Bremgarten

Schulinformatik Bremgarten - «Ich werde eine kostengünstigere und vorteilhaftere Lösung präsentieren»

Urs Giezendanner am Arbeitsplatz in der Kreisschule Mutschellen. sl

Urs Giezendanner am Arbeitsplatz in der Kreisschule Mutschellen. sl

Informatikspezialist Urs Giezendanner kritisiert das Informatik-Konzept der Schule Bremgarten. Er wird am kommenden Donnerstag im Casino einen Alternativvorschlag zur Schulinformatik-Vorlage - eine konstengünstigere, vorteilhaftere Lösung.

Der Informatik-Spezialist Urs Giezendanner kritisiert nicht nur das geplante Bremgarter Schulinformatik-Konzept (wir berichteten).

Vielmehr hat Giezendanner, mit Unterstützung weiterer Fachleute, ein eigenes Konzept zusammengestellt.

Seinen Alternativvorschlag bringt der Bremgarter an der Gemeindeversammlung vom Donnerstag, 13. Juni, im Casino Bremgarten zur Abstimmung.

Dies als Option und in Konkurrenz zum Schulinformatik-Konzept des Stadtrats.
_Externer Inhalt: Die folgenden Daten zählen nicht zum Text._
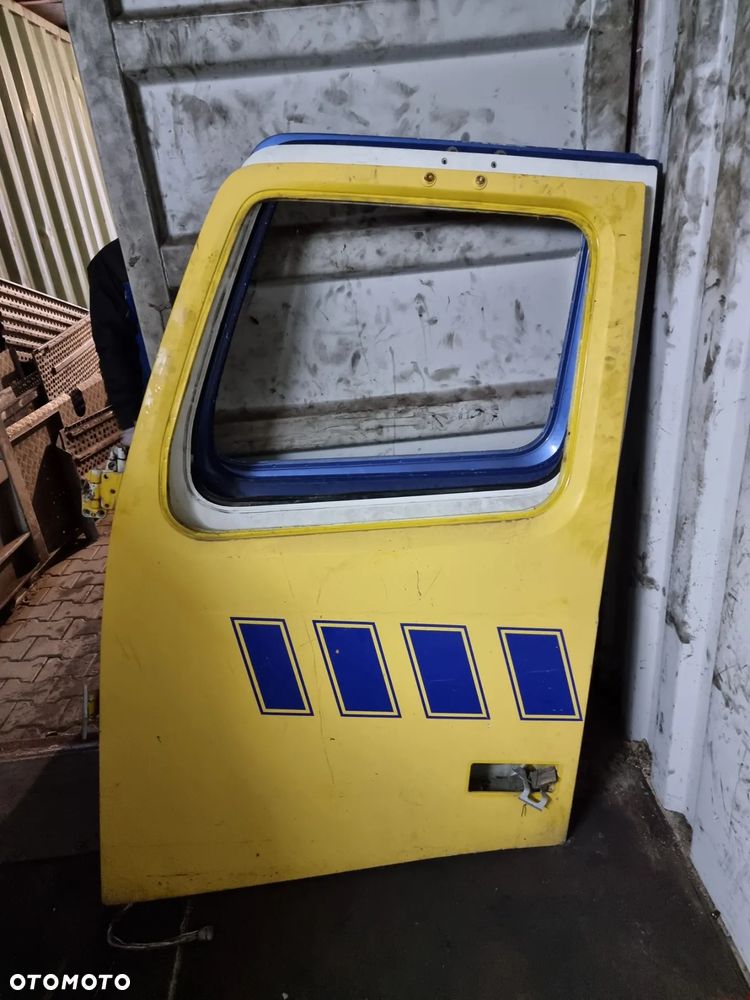 DRZWI LEWE VOLVO FH 12 - 1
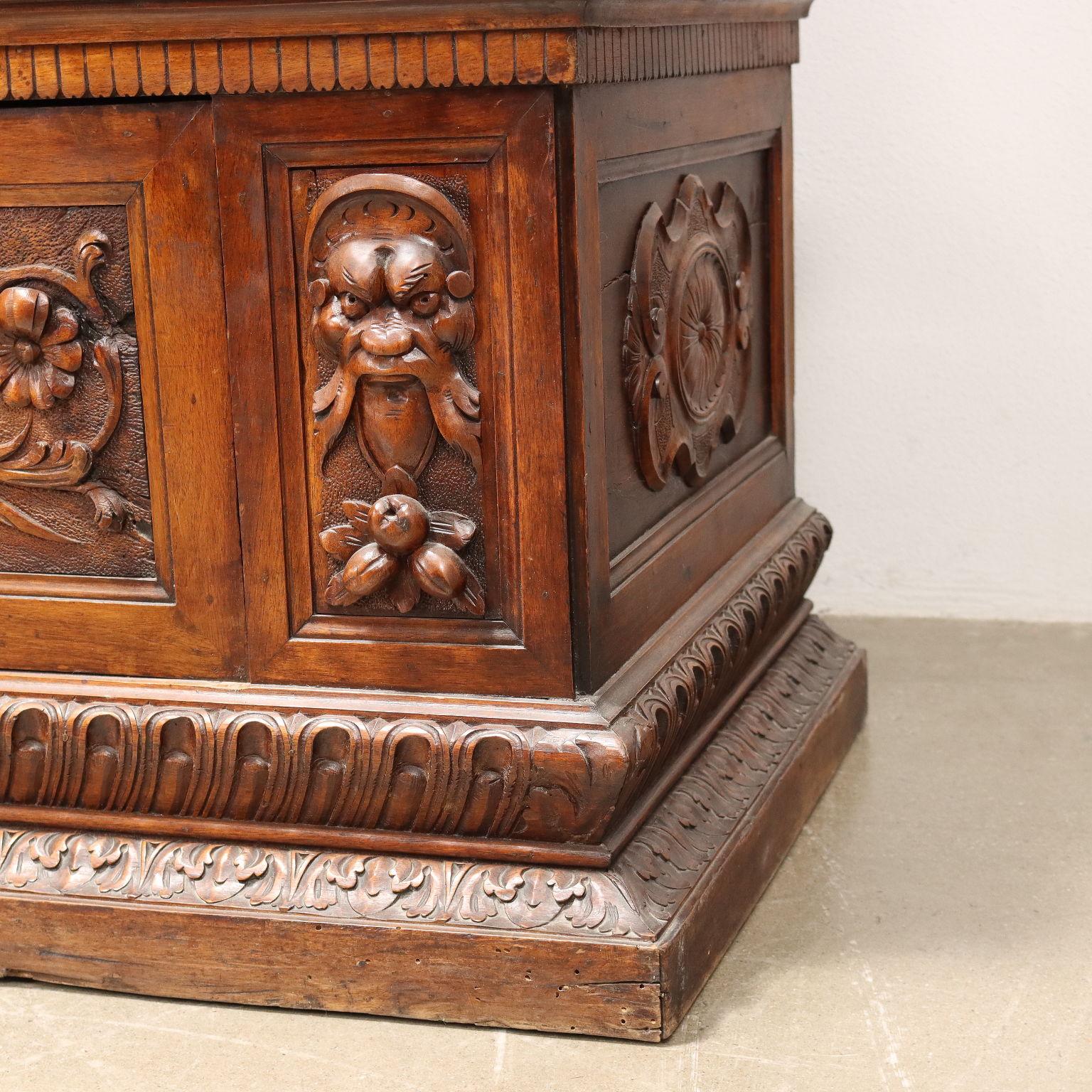Neo-Renaissance Showcase in Walnut Italy Late 19th Century For Sale 4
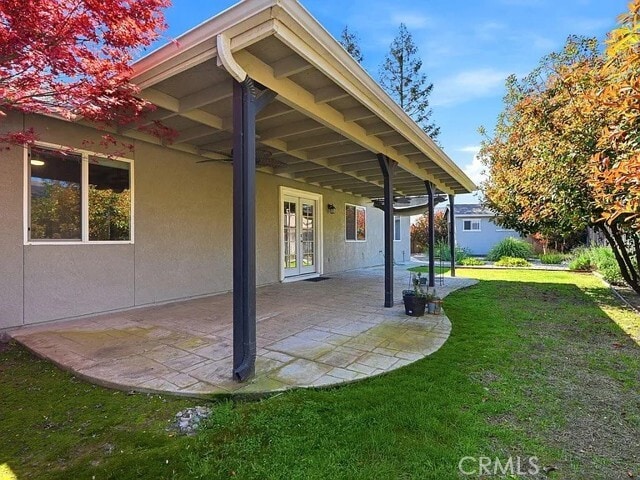 Building Photo - 2542 E Parkview Ave
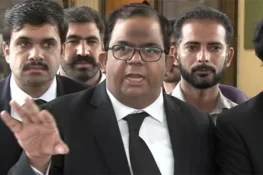 عمران خان کی سیاسی ٹیم انہیں باہر نکالنے کی حکمت عملی بنانے میں ناکام ہے، فیصل چوہدری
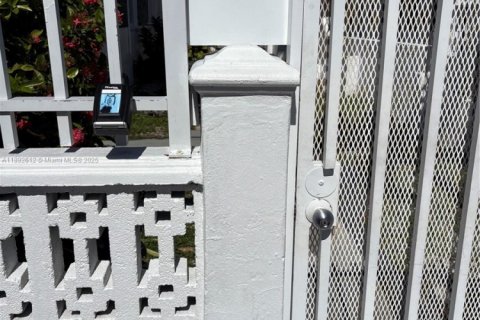 Appartement à louer à Miami, Floride: 1 chambre, 317.35 m2 № 1946381 - photo 13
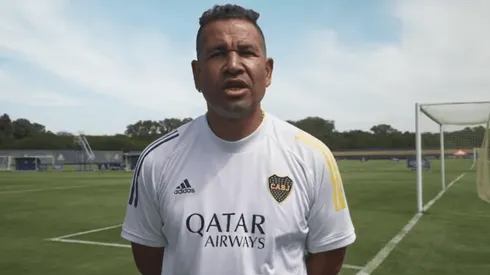 Antonio Barijho con la camiseta de Boca.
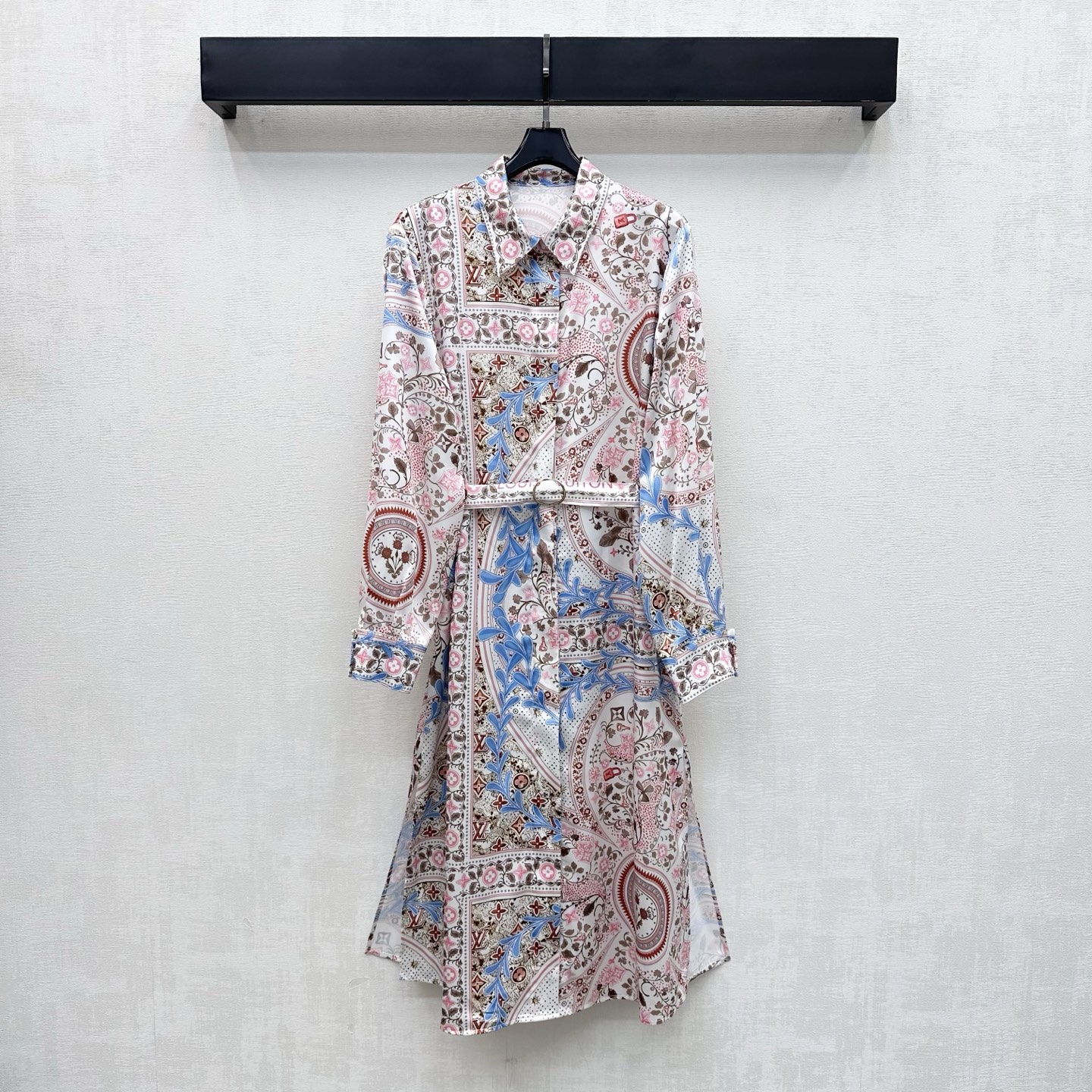 NO:878389,Louis Vuitto*2026 new products are on the shelves. The floral shirt dress is made of YB imported twill silk. It is soft, breathable and skin-friendly. It has a slight natural luster. It has a classic pink and blue color and is gentle and elegant. The upper body has an elegant and high-end Italian atmosphere. The long windbreaker style design modifies the body shape and adds aura. The lapel version modifies the neck line. Use the hidden placket button to adjust the fabric laces to easily outline the graceful waistline and add layering to the look.  The entire body is printed with flowers and the iconic four-leaf clover letter logo pattern to highlight the brand's tone. The colors are soft and smooth, and the lines are rich in visual focus and artistic sense. Development of fabric accessories. Tailoring of long-sleeved dress with lapels. You can easily create Italian high-end style for daily commuting or weekend vacations. High version, Louis Vuitton, skirts,19860909Louis Vuitto*2026新品上架 繁花衬衣裙定制YB进口斜纹绸材质 柔软透气亲肤 带有微微自然光泽感 经典粉蓝繁色调 温柔显气质 上身自带优雅高级的意式氛围 长款风衣式设计修饰身形增加气场 翻领版型修饰颈部线条 配合隐藏式开襟纽扣调节本布系带轻松勾勒曼妙腰线 增添造型层次感 通体满印繁花与标志性四叶草字母印花徽标图案 彰显品牌调性 色彩柔和线条流畅 丰富视觉焦点与艺术感 面辅料开发 翻领长袖连衣裙剪裁 日常通勤还是周末度假 都能轻松打造意式高级风 高版本,,louis vuitton,skirts,,Women's clothing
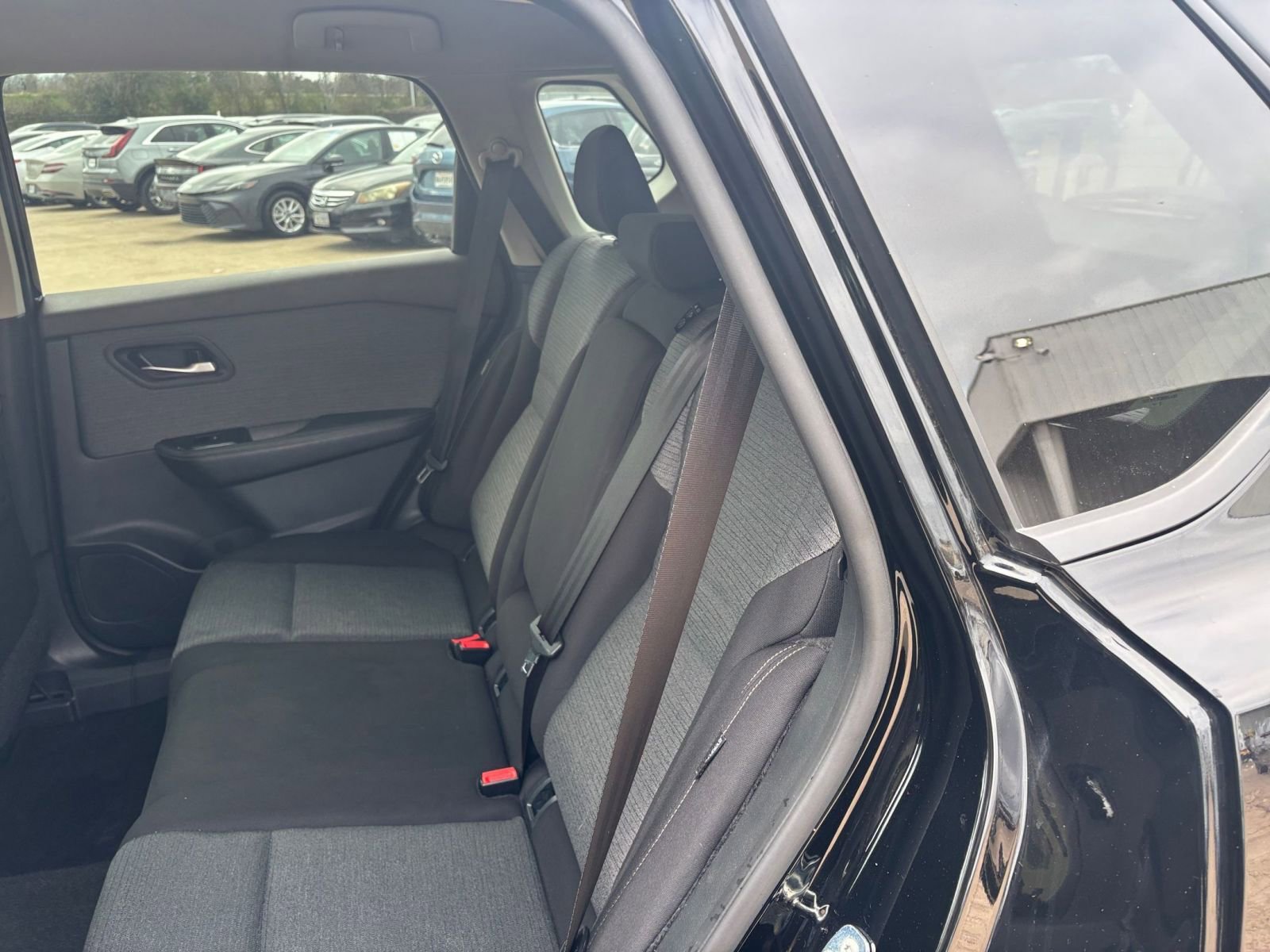 Thumbnail: 2023 Nissan Rogue - 35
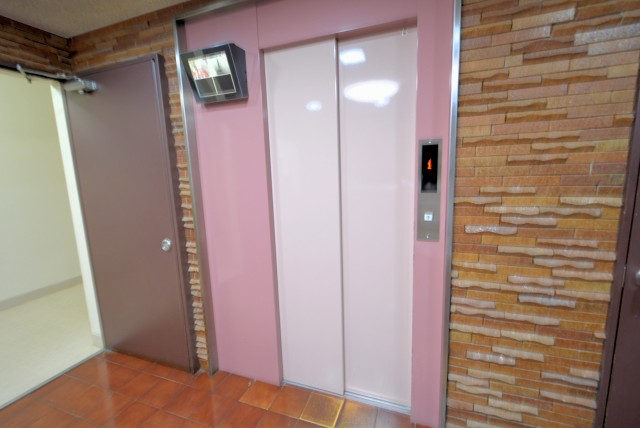 シャンボール白金 エントランス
Das offizielle Konzept steht als Traktandum 8 auf dem Programm der bevorstehenden Gemeindeversammlung. 790 000 Franken kosten Beschaffung und Umsetzung des offiziellen Konzepts.

Deutlicher Preisunterschied

Preiswerter ist Giezendanners Konzeptvorschlag. Er beziffert die Beschaffungs- und Umsetzungskosten der Alternativlösung auf 590 000 Franken.

Auch die jährlich wiederkehrenden Kosten sprechen fürs Modell des Bremgarters, der an der Kreisschule Mutschellen technischer IT-Verantwortlicher ist.

Im stadträtlichen Konzept schlagen die Support-und Betriebskosten mit 101 000 Franken im Jahr zu Buche. Fürs Alternativkonzept rechnet Urs Giezendanner mit jährlichen Kosten im Betrag von 61 000 Franken. Macht eine Einsparung von 40 000 Franken pro Jahr.

Diese Differenz steht im Zusammenhang mit der Fachunterstützung durch eine Informatikfirma.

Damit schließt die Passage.